Deux ans après son arrestation et sa condamnation express pour un projet de lettre au roi, le colonel franco-marocain Keddour Tehrzaz attend toujours un geste de Paris. Sa famille aussi.

Il y a deux ans, le 9 novembre 2008, la vie tranquille de la famille Terhzaz a basculé : une trentaine de véhicules de la police et de la gendarmerie marocaines se présentent devant le domicile familial à Rabat.

Le déploiement de forces est tel que les voisins pensent à une visite du roi ! Il n’en est malheureusement rien. Avec leur tact et leur discrétion habituels, les sbires du régime viennent arrêter un vieil homme, un militaire à la retraite depuis une quinzaine d’années : le colonel major Kaddour Terhzaz, ancien numéro deux de l’armée de l’air du royaume.

Trois semaines plus tard, le colonel est condamné à douze ans de prison pour « divulgation de secrets militaires » au terme d’un simulacre de procès dénoncé aussi bien par Amnesty International, Human Rights Watch, l’AMDH (Association marocaine des droits humains) ou encore l’ASDHOM (Association de défense des droits de l’homme au Maroc) et de nombreux organes de presse marocains et européens.

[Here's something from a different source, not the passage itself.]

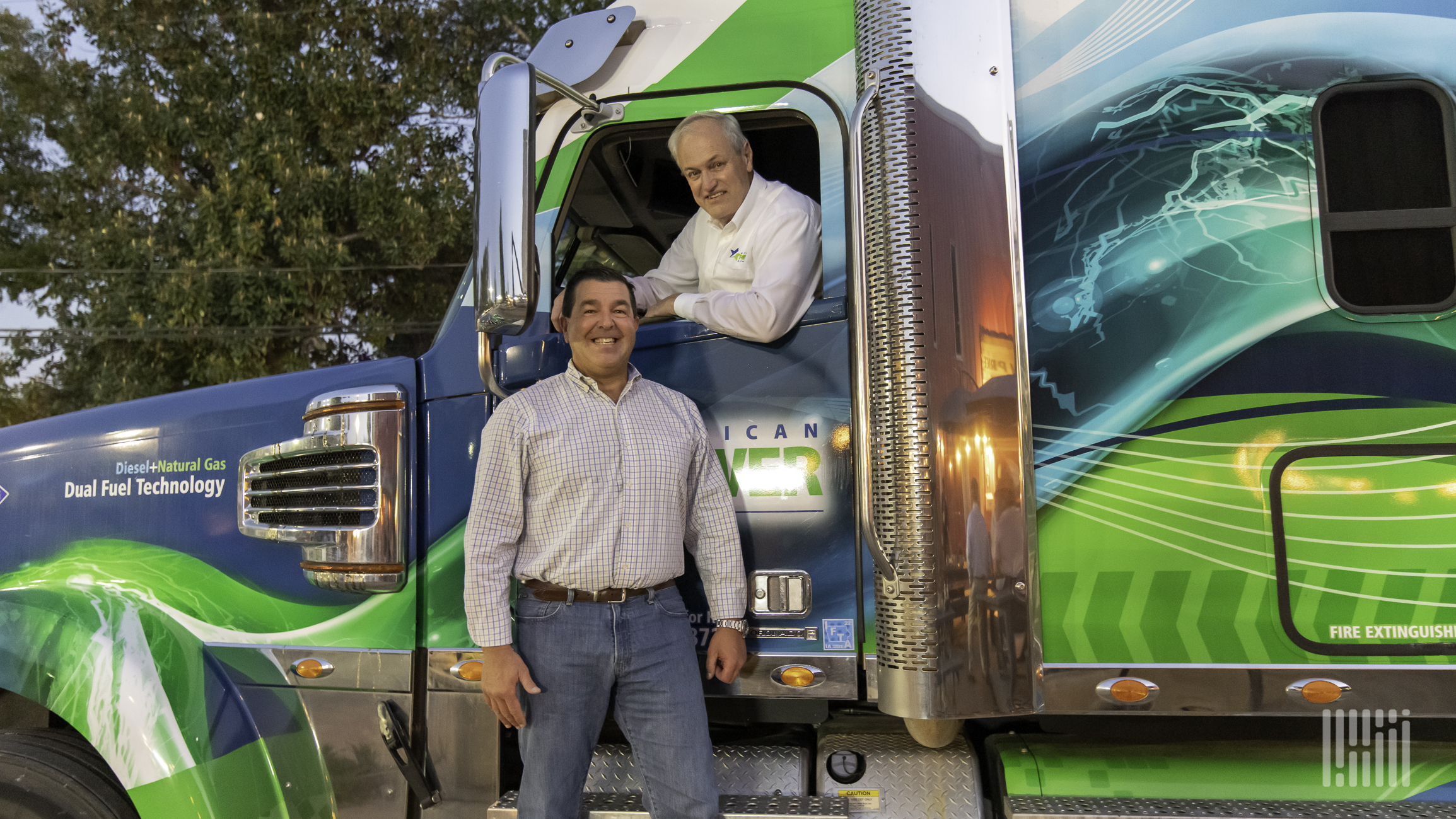 Chuck Coppa and Lyle Jensen with Freightliner Coronado retrofit to run and natural gas and diesel fuel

Ancien élève de l’Ecole de l’Air de Salon de Provence et de l’école de Guerre, Chevalier de la Légion d’honneur (sous Giscard d’Estaing), Kaddour Terhzaz, dont l’épouse est française et qui, une fois retraité, a obtenu en deux mois la nationalité française, a cru en toute bonne foi que les autorités françaises interviendraient discrètement auprès des responsables marocains pour que soit mis un terme à cette sinistre farce. Malheureusement, les multiples démarches de ses proches auprès du pouvoir français n’ont strictement rien donné. Un mois après sa condamnation, la famille envoie une première lettre à Nicolas Sarkozy – avec copie au ministère de la Justice — pour l’informer de la situation et de son désir de voir la France agir le plus discrètement possible dans le cadre des relations amicales entre les deux pays.

Une condamnation comme une lettre à la poste

Un parent de Mme Terhzaz, François Baxerres, avocat honoraire près de la Cour d’appel de Toulouse a assisté au procès du 28 novembre 2008 et relevé un grand nombre de vices de procédure. Il le signale dans la lettre au président français, dont il a pris l’initiative. Pas de réponse de l’Elysée qui se borne à accuser réception.

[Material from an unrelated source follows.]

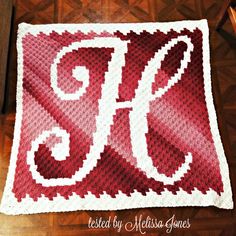 a red and white crocheted afghan with the letter p on it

Un autre courrier est envoyé en septembre 2009 de nouveau au ministère de la Justice qui répond que cette affaire relève d’une juridiction marocaine et que la France ne peut intervenir. L’argumentation est strictement juridique. Le président ne répondant pas, la famille pense que son épouse le fera peut-être. Des courriers sont ainsi adressés à Carla Bruni restés, eux aussi, sans réponse. L’Elysée a pourtant réagi à plusieurs reprises pour des détenus qui n’étaient d’ailleurs pas toujours français : Florence Cassez, infirmières bulgares, etc.

Rien ne bougeant, famille et amis du colonel décident de sortir de leur mutisme après une année d’attente angoissante. Grâce à la campagne de médiatisation qu’elle a menée et aux soutiens qu’elle a reçus, Sonia, la fille de l’officier, finit par obtenir un rendez-vous en février 2010 au ministère des Affaires étrangères devant lequel les proches avaient manifesté deux mois plus tôt et remis une lettre à l’attention de Bernard Kouchner.

Le Quai se tait

Les fonctionnaires qui la reçoivent parlent d’ «  affaire délicate », de l’impossibilité pour la France de s’ingérer dans un dossier qui relève non seulement de la justice marocaine mais de la justice militaire ! M. Terhzaz, ajoutent-ils, n’a rien d’un prisonnier de droit commun compte tenu des personnalités impliquées et des enjeux qui sous-tendent cette condamnation. En même temps, ils affirment vouloir assurer la protection consulaire dont il devrait bénéficier de droit.

Cependant, en dépit des demandes répétées du consul général auprès du ministère marocain de la Justice, l’officier n’a jamais pu recevoir la visite d’un diplomate français. Il est à ce jour le seul détenu binational à ne pas avoir bénéficié de ce droit de visite.

Famille et amis s’interrogent sur la position des autorités françaises : de quels « enjeux » parlent-elles ? En adoptant la version marocaine, elles en font une affaire d’Etat, alors que le colonel n’a jamais été un opposant, qu’il a la réputation d’être intègre et honnête et que la lettre qu’il a envoyée au roi ne relevait absolument pas du secret défense et n’avait d’autre objet que d’attirer l’attention du souverain sur la situation d’anciens prisonniers du Polisario.

Le combat d’une fille

A sa demande, Sonia est à nouveau reçue en mai 2010 où on lui répète tout ce qui a été dit trois mois plus tôt, à savoir que la France est intervenue très discrètement mais que rien ne sera rendu public officiellement. Après cette rencontre, les proches estiment n’avoir aucune garantie que la France intervient réellement et se demandent s’il ne s’agit pas de paroles en l’air destinés à donner le change.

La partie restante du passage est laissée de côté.